WHAT YOU NEED TO DO = Below are some records; give them all again exactly, but not the pictures.

Image-text web data =
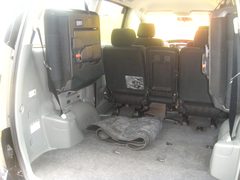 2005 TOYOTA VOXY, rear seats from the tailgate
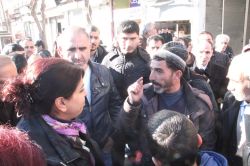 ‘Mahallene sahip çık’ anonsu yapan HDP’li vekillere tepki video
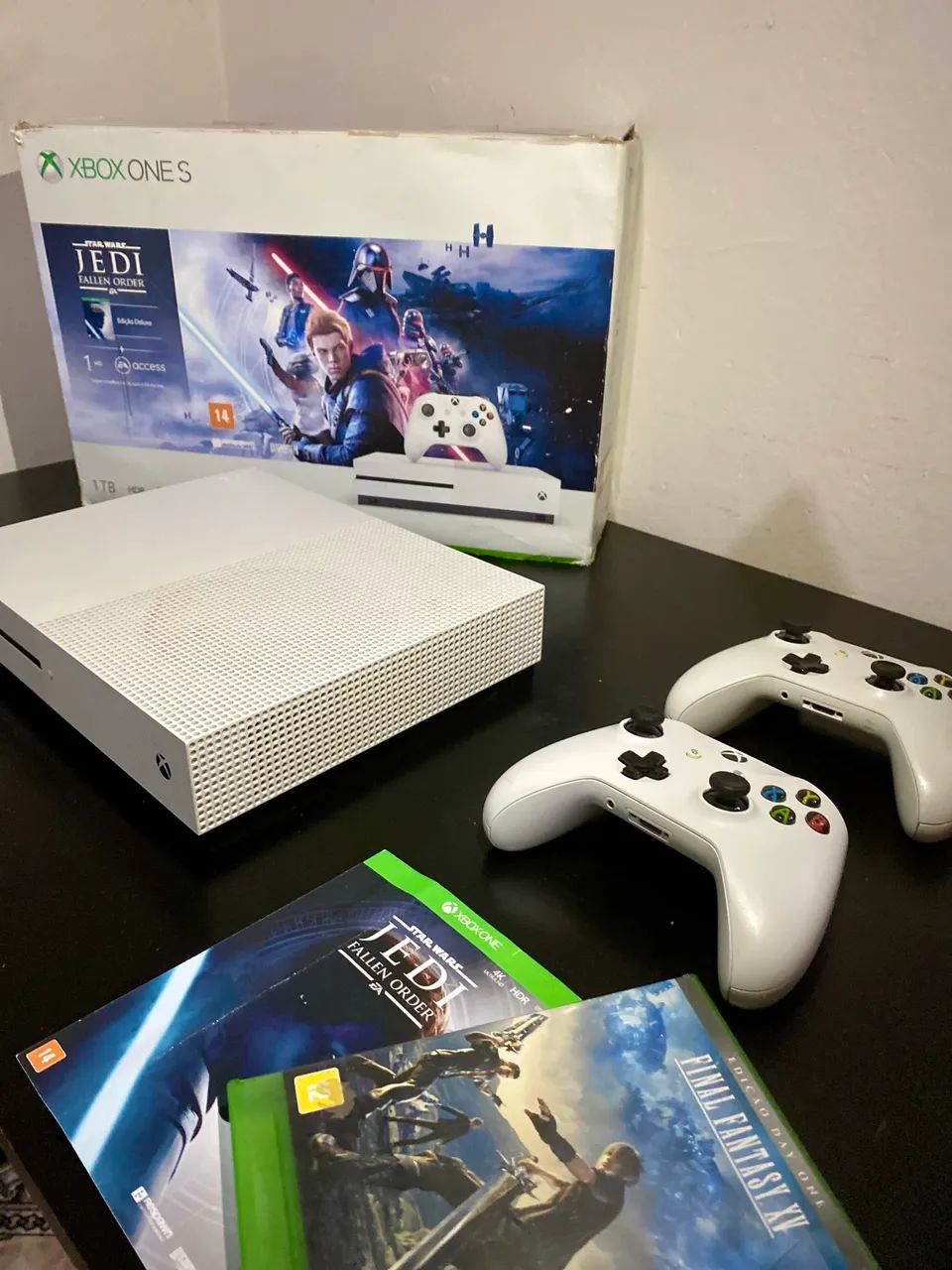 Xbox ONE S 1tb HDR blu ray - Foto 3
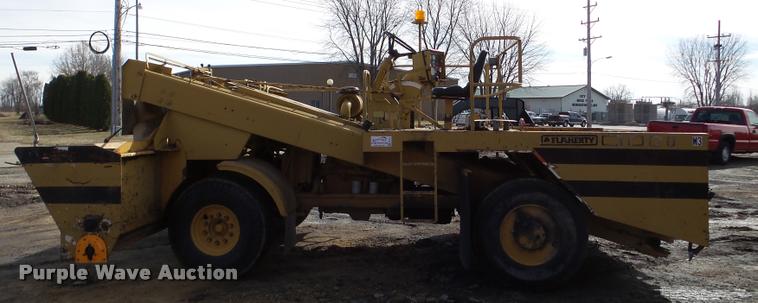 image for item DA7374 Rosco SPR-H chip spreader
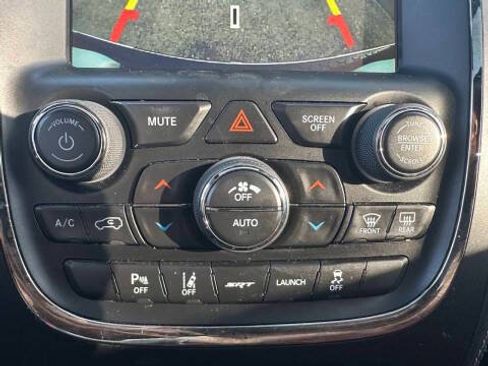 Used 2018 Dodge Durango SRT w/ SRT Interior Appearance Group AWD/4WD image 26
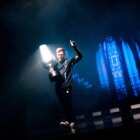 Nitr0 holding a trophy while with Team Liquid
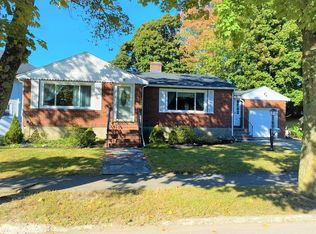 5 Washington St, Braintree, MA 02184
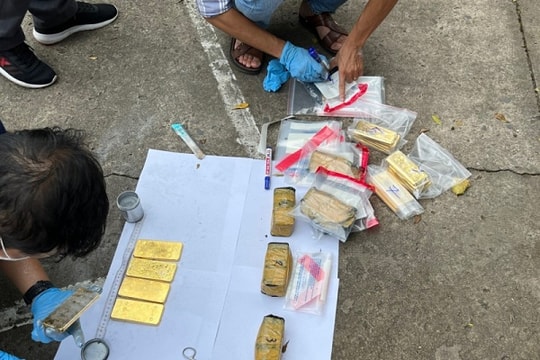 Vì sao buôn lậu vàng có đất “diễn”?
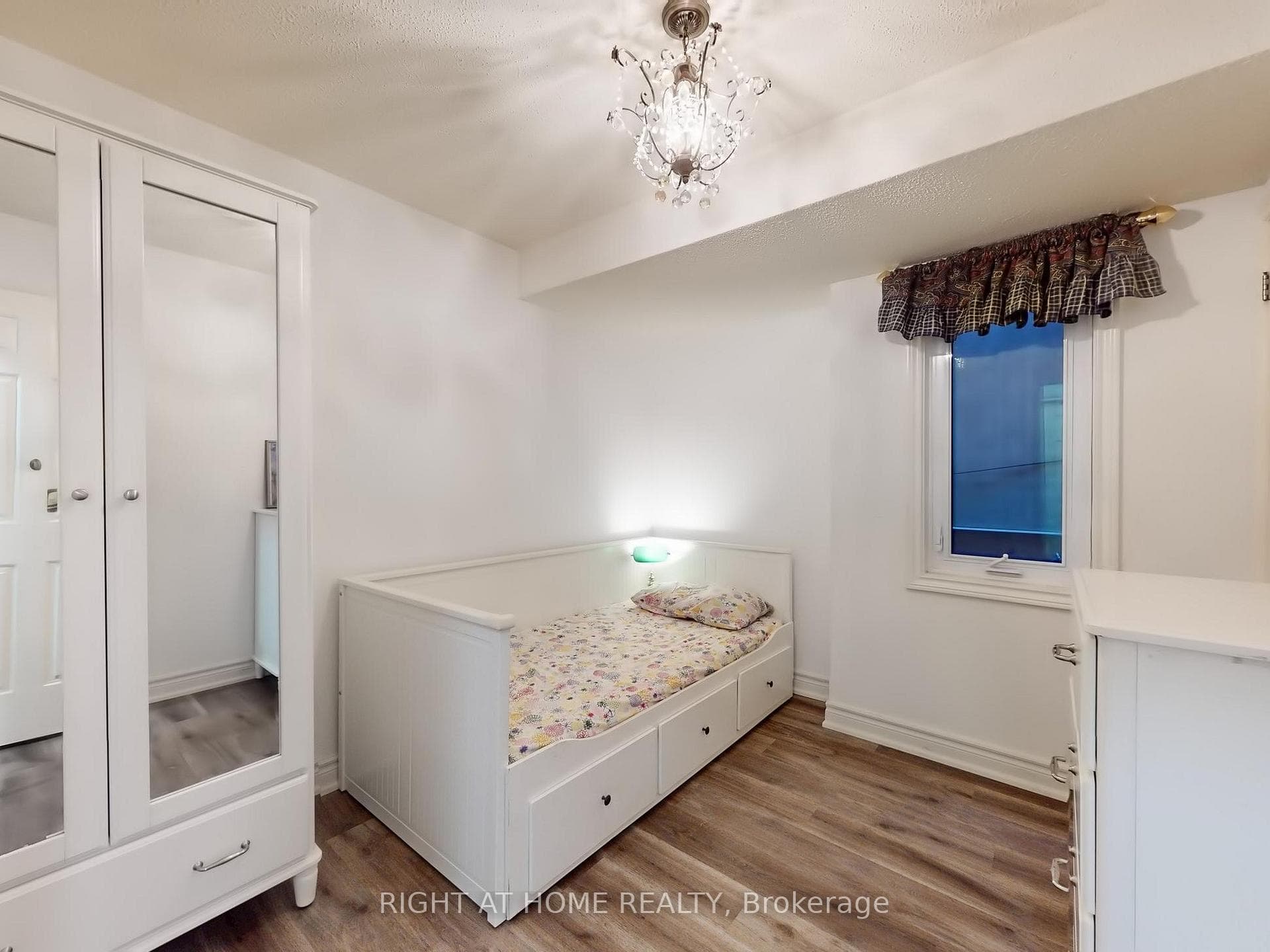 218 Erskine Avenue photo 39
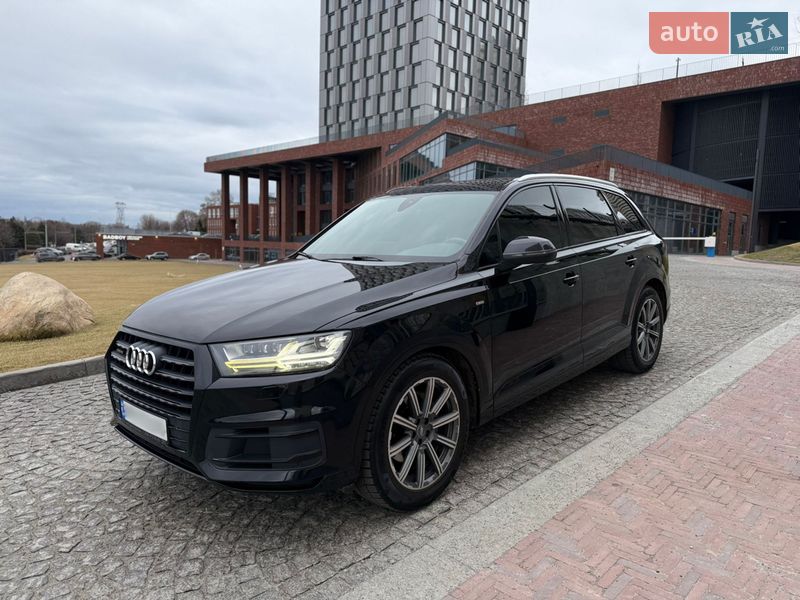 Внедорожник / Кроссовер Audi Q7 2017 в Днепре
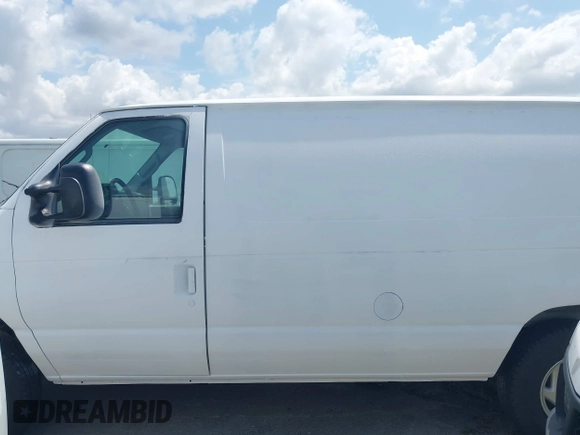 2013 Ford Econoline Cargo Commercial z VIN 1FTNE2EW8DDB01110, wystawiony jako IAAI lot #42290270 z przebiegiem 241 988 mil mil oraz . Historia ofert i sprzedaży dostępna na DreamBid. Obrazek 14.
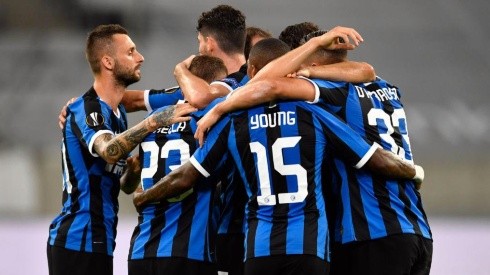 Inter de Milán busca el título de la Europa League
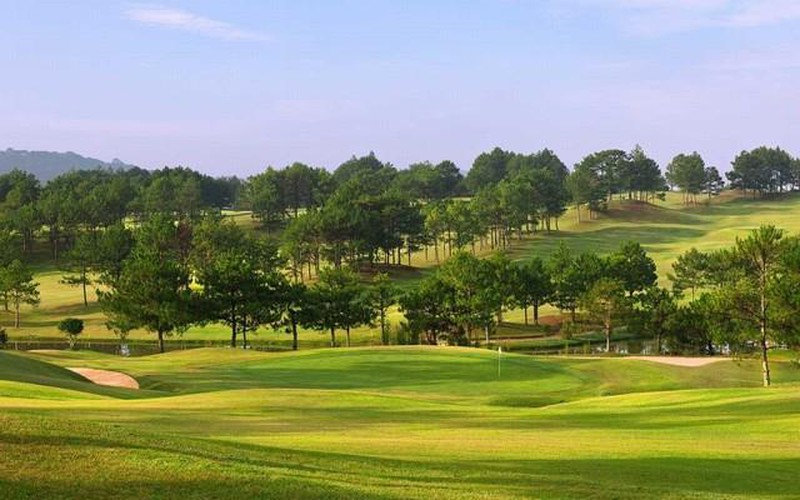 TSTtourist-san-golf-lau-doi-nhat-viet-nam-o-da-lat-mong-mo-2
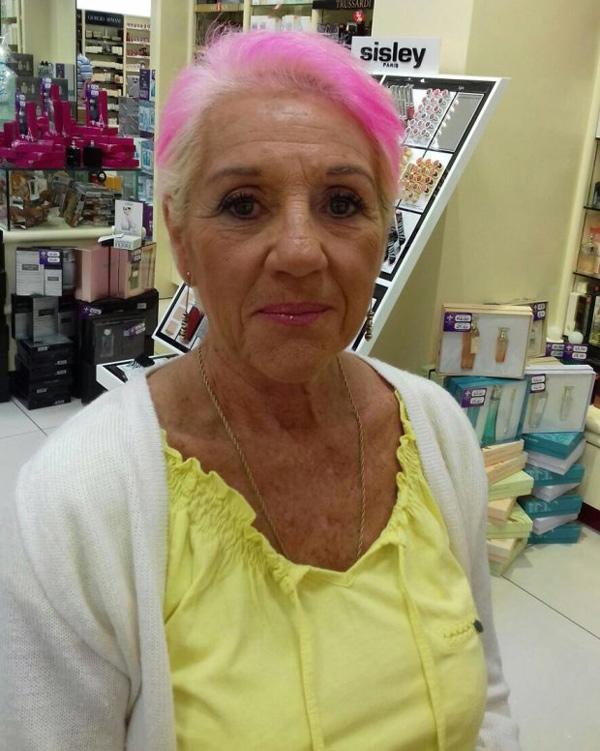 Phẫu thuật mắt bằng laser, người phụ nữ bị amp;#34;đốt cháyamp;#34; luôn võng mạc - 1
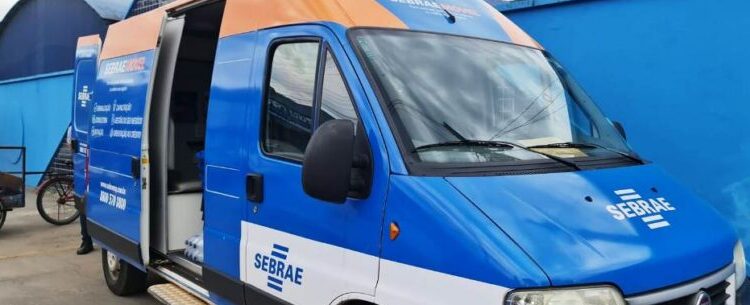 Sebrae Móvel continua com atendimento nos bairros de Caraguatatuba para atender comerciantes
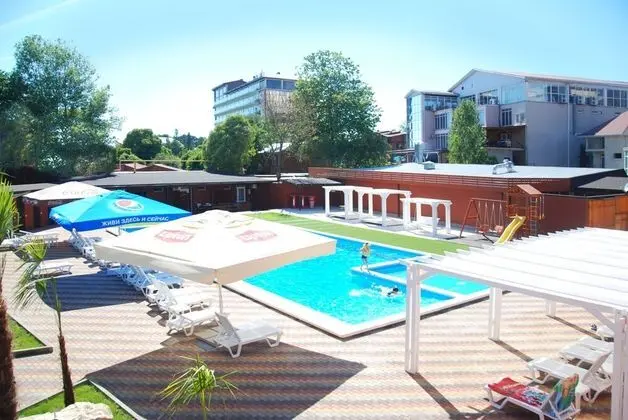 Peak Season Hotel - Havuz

EXERCISE ANSWER =
 2005 TOYOTA VOXY, rear seats from the tailgate
 ‘Mahallene sahip çık’ anonsu yapan HDP’li vekillere tepki video
 Xbox ONE S 1tb HDR blu ray - Foto 3
 image for item DA7374 Rosco SPR-H chip spreader
 Used 2018 Dodge Durango SRT w/ SRT Interior Appearance Group AWD/4WD image 26
 Nitr0 holding a trophy while with Team Liquid
 5 Washington St, Braintree, MA 02184
 Vì sao buôn lậu vàng có đất “diễn”?
 218 Erskine Avenue photo 39
 Внедорожник / Кроссовер Audi Q7 2017 в Днепре
 2013 Ford Econoline Cargo Commercial z VIN 1FTNE2EW8DDB01110, wystawiony jako IAAI lot #42290270 z przebiegiem 241 988 mil mil oraz . Historia ofert i sprzedaży dostępna na DreamBid. Obrazek 14.
 Inter de Milán busca el título de la Europa League
 TSTtourist-san-golf-lau-doi-nhat-viet-nam-o-da-lat-mong-mo-2
 Phẫu thuật mắt bằng laser, người phụ nữ bị amp;#34;đốt cháyamp;#34; luôn võng mạc - 1
 Sebrae Móvel continua com atendimento nos bairros de Caraguatatuba para atender comerciantes
 Peak Season Hotel - Havuz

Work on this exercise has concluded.